**Dataset content:**
---

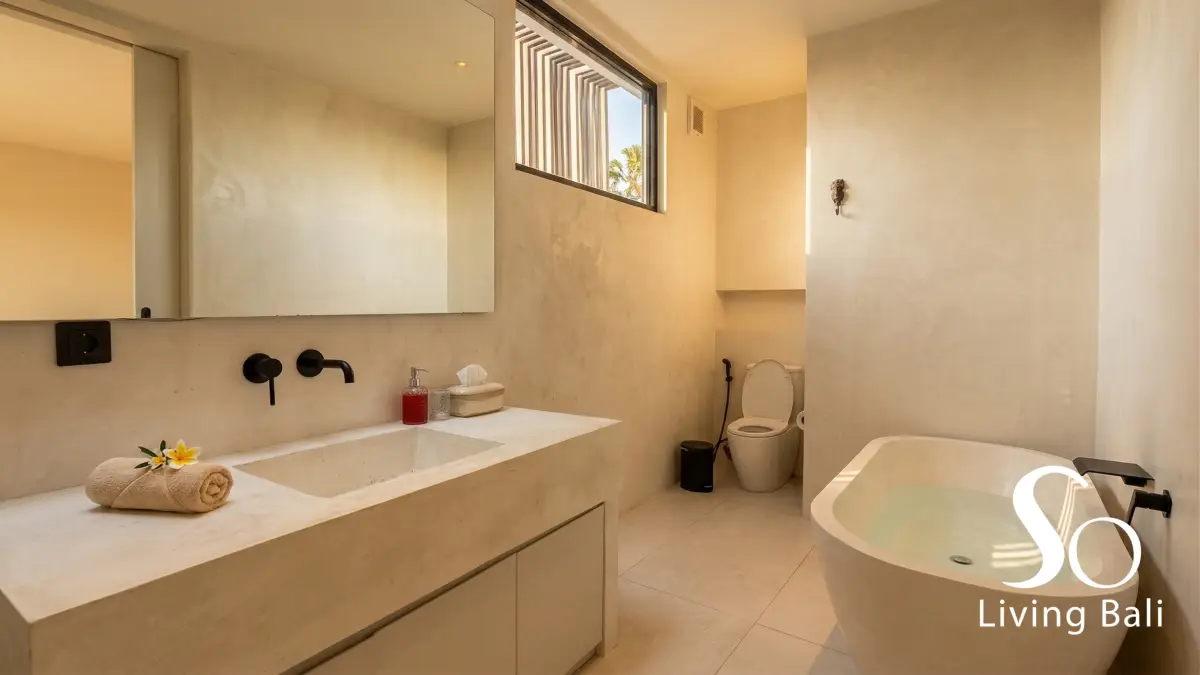 Umalas · Villa 3BR · Modern Family House (1/14)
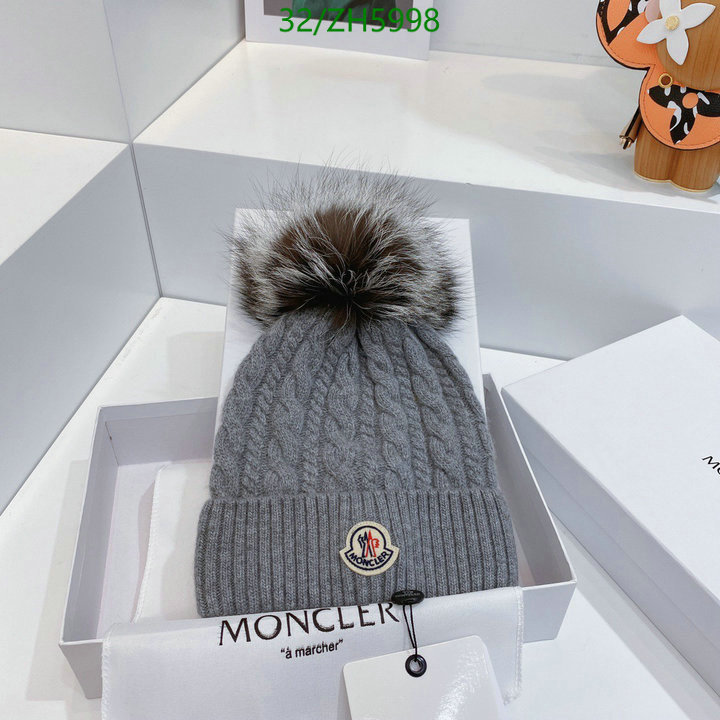 Cap -(Hat)-Moncler, Code: ZH5998,$: 32USD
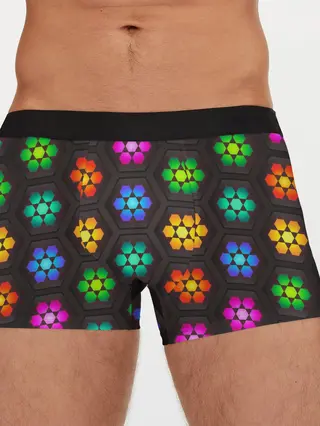 Мужские трусы боксеры / Наночастицы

---

**Goal of the exercise:** Word for word and without any pictures, return all of the lines above.

**Response below:**
 Umalas · Villa 3BR · Modern Family House (1/14)
 Cap -(Hat)-Moncler, Code: ZH5998,$: 32USD
 Мужские трусы боксеры / Наночастицы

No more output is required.